Les bénéfices sociaux attendus du monde académique peuvent être classés en trois catégories : recherche, éducation et contribution à la société. Dès lors, si l’on évalue la situation en sciences humaines et sociales à l’aune de ces critères, un phénomène se fait jour, en Europe comme en Amérique du Nord.

Une pression accrue pour publier des articles (dans des journaux à évaluation anonyme par des pairs) est en train de créer un déséquilibre en direction de la première dimension. Ce déséquilibre n’est pas sans effet sur la détérioration de la situation des enseignants-chercheurs dont les heures travaillées explosent dans un contexte de pression budgétaire et de précarisation des conditions matérielles. Une étude publiée au Royaume-Uni en 2006 révélait des situations de détresse psychologique pires que pour le personnel urgentiste (médecins et infirmières).

Pour bien comprendre l’enjeu, il faut garder à l’esprit que les chances d’obtenir un poste permanent au sein d’une université dépendent non seulement du niveau absolu de publications du chercheur, mais surtout relatif (par rapport à ses concurrents). En tant que chercheurs, nous sommes donc incités à publier toujours plus, le référentiel augmentant alors pour tout le monde. Par ailleurs, il faut replacer cette course à l’abîme dans un contexte marqué par d’importantes coupures budgétaires, ce qui rend la compétition d’autant plus vive.
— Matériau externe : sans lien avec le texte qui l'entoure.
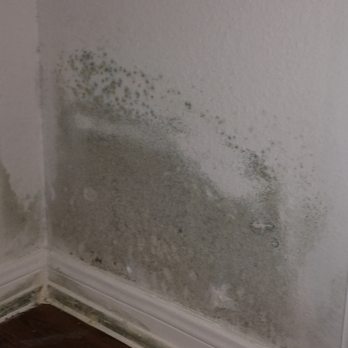Woodland Hills Luxury Apartments - Mold - Apartments Near Me - Houston, Texas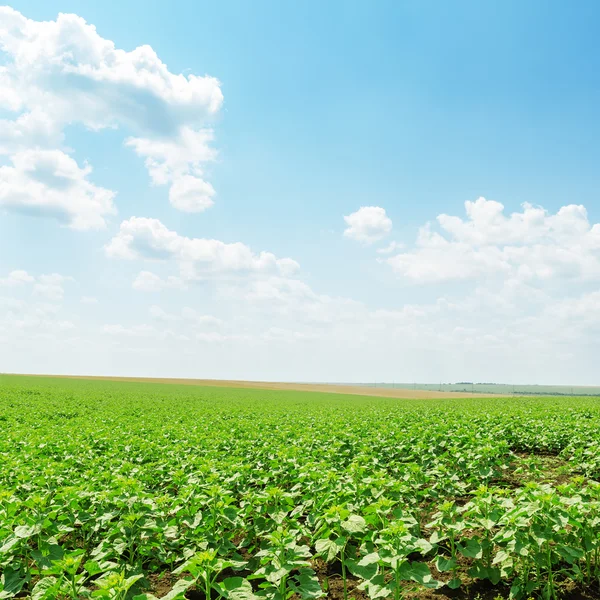 Campo de girasol verde y las nubes en cielo azul — Foto de Stock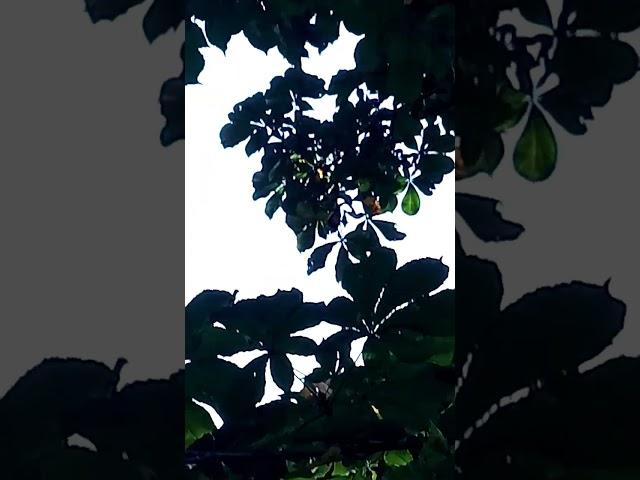 Chestnut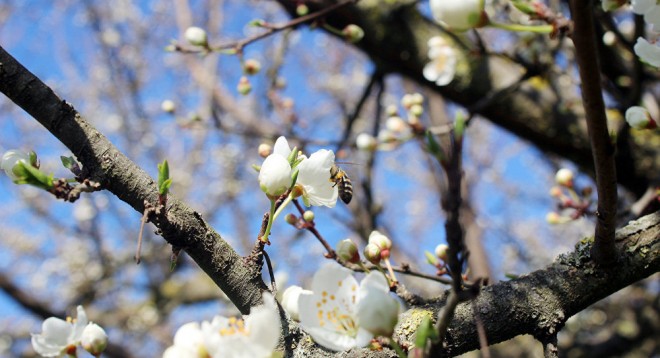 Bayram havası belə olacaq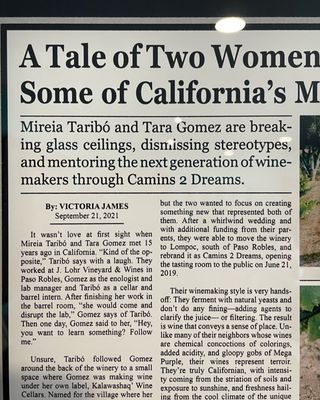 Camins 2 Dreams by null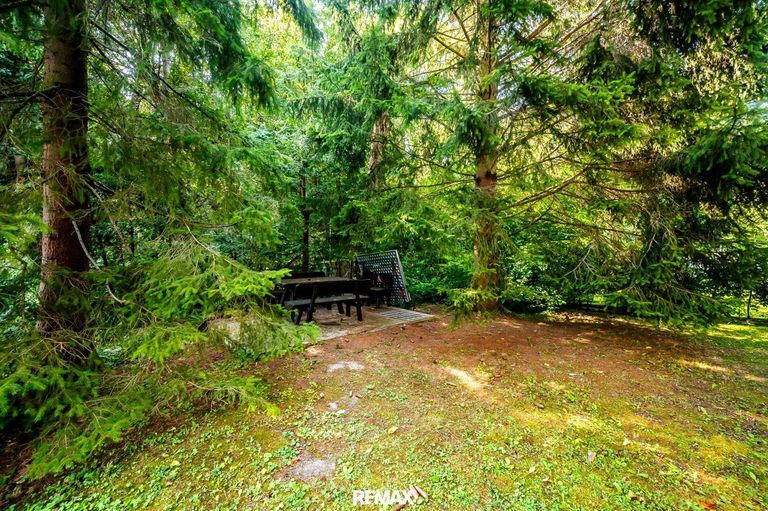 Garten_2
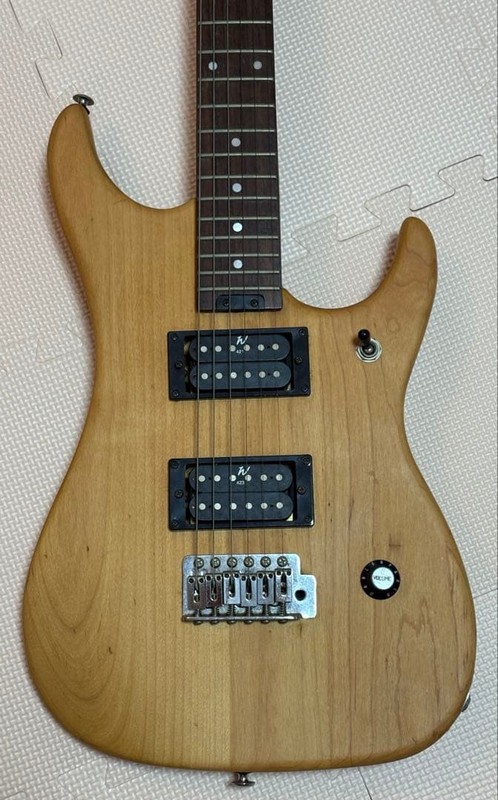 Washburn Nuno Bettencourt Signature guitar USED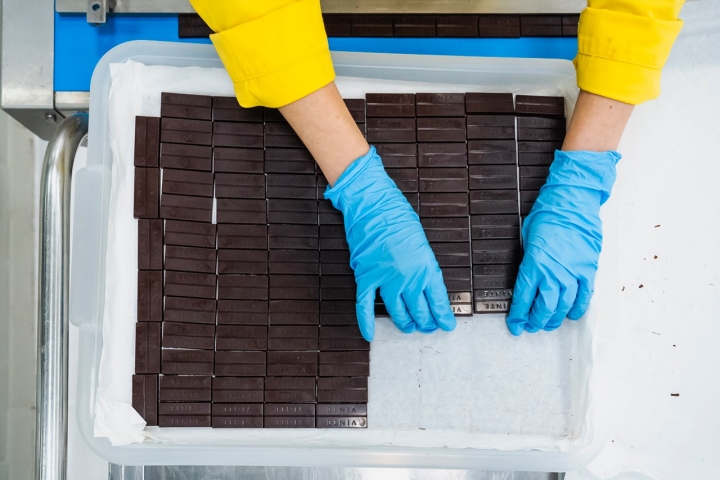 funcionária alinha os carrés de chocolate  funcionária alinha os carrés de chocolate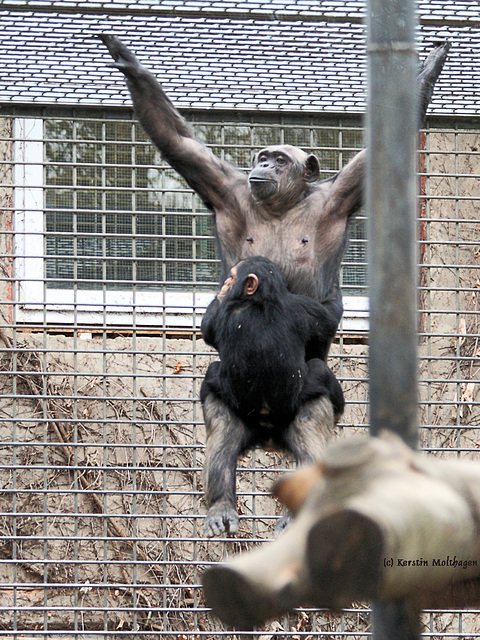 Fliegende Familie (Tierpark Schwaigern)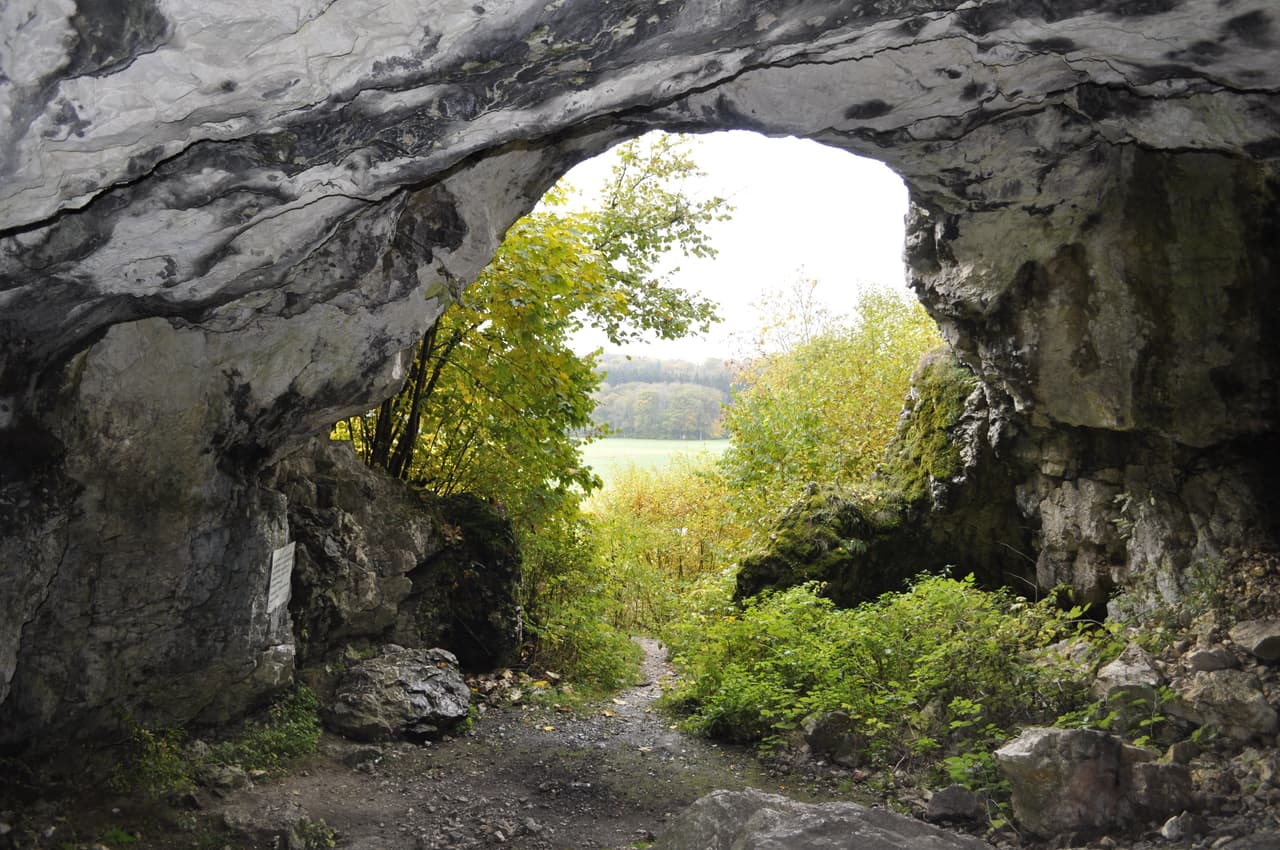 <b>Cuevas y arte de la edad de hielo en el Jura de Suabia, Alemania. </b>Los seres humanos modernos llegaron por primera vez a Europa hace 43,000 años durante la última era glacial. Una de las áreas donde se instalaron fue el Jura suabio, en el sur de Alemania. Excavado de la década de 1860, seis cuevas han revelado elementos que datan de 43,000 a 33,000 años atrás. Entre ellos figuran figurillas de animales (incluyendo leones cavernosos, mamuts, caballos y ganado), instrumentos musicales y objetos de adorno personal.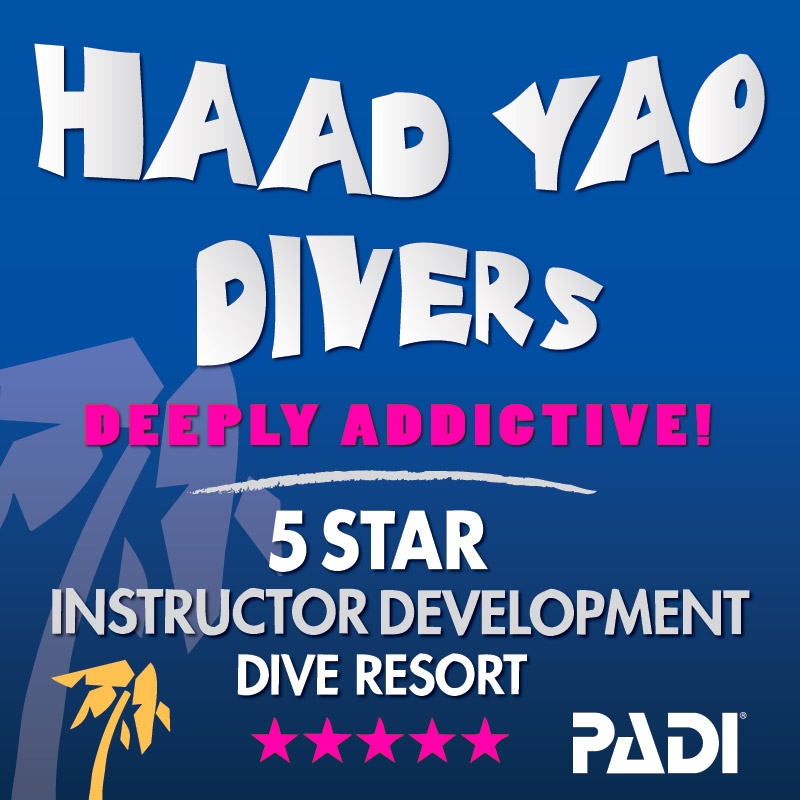 Logo Haad Yao Divers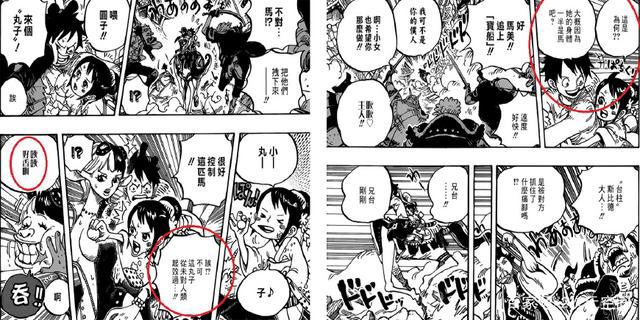 海贼王：突变！小玉刚驯服的半人马台柱失控，载着路飞找三灾杰克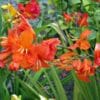 Crocosmia Okavango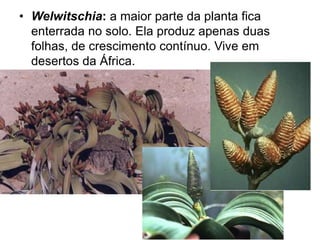 • Welwitschia: a maior parte da planta fica
enterrada no solo. Ela produz apenas duas
folhas, de crescimento contínuo. Vive em
desertos da África.
 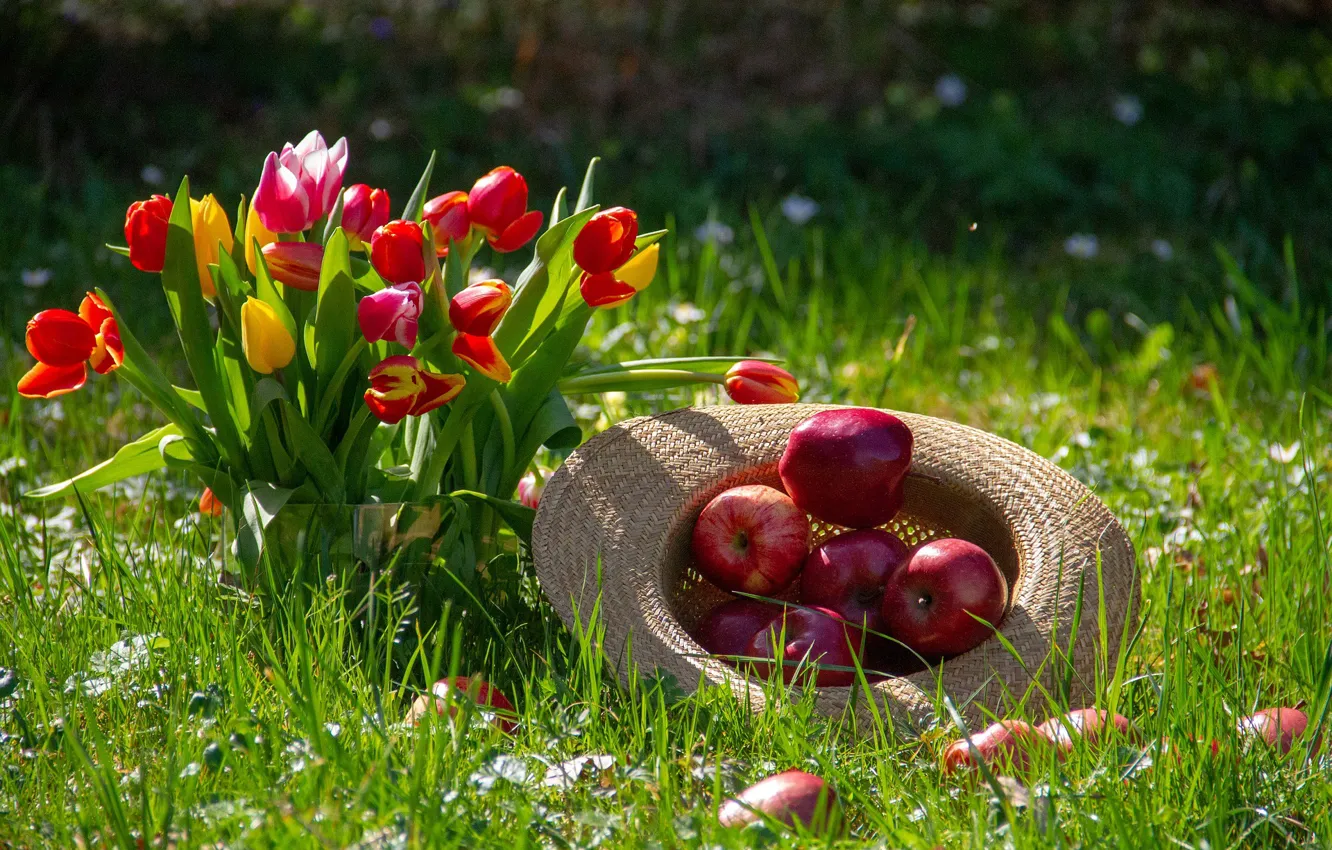 Photo wallpaper flowers, apples, bouquet, hat, tulips, weed
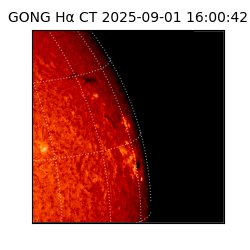 gong - 2025-09-01T16:00:42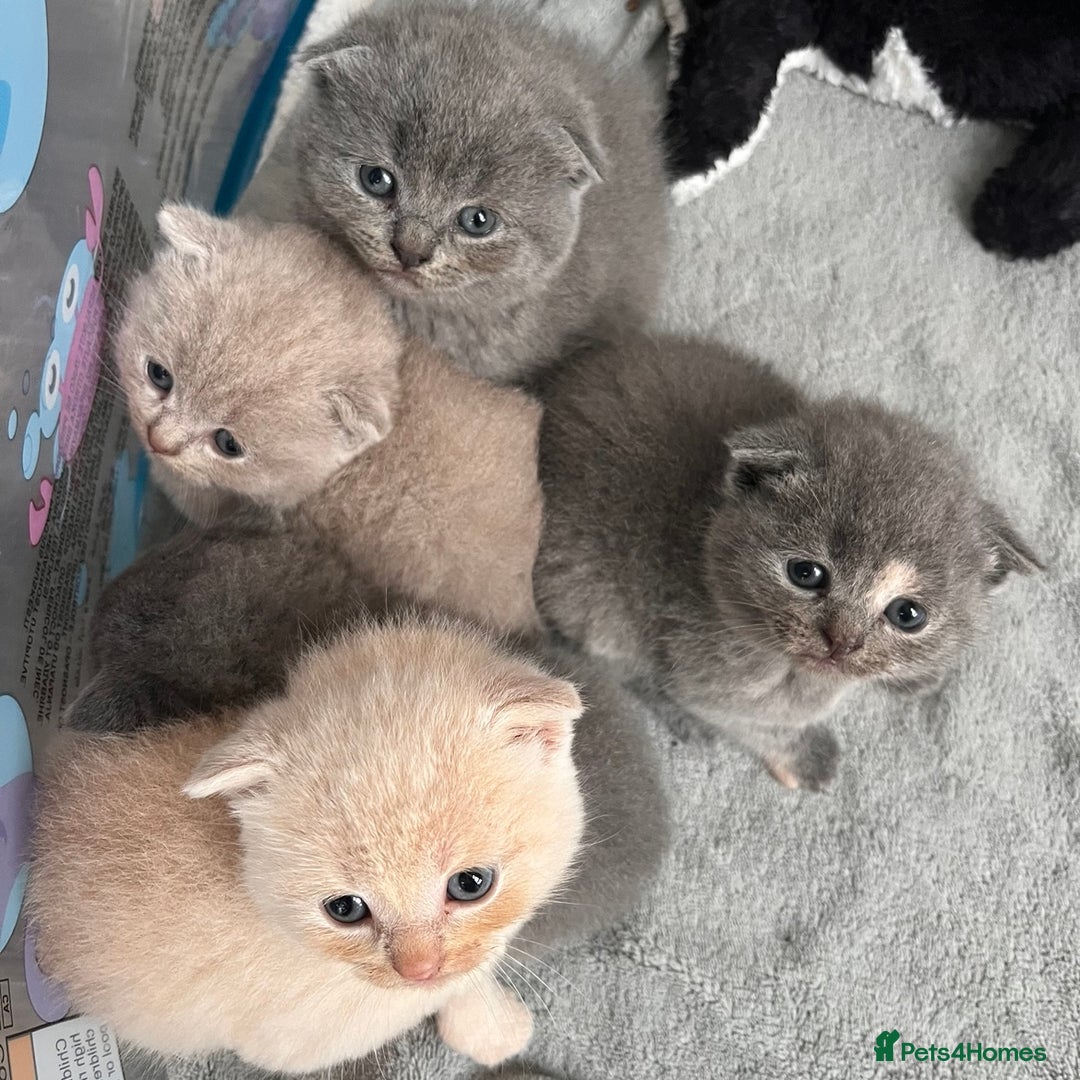 Scottish Fold cats for sale: Scottish Fold Kittens - Image 1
Où est le mal ? Une telle situation n’est-elle pas source d’une saine émulation entre chercheurs ? A y regarder de plus près toutefois, publier n’est pas un bien intrinsèque. Premièrement, pour être utile, une publication doit apporter quelque chose de nouveau. Plus les universitaires sont poussés à publier, plus ils sont tentés de publier n’importe quoi. C’est en suivant cette stratégie que la norme s’accroît pour tout le monde. Deuxièmement, il est nécessaire que ces articles soient lus. A nouveau, plus les chercheurs se plient à l’exercice, moins ils ont le temps de se pencher sur ce que font leurs collègues. Au final, le tableau frise l’absurde : le nombre moyen de lecteurs par article académique varie de moins d’un à quelques-uns.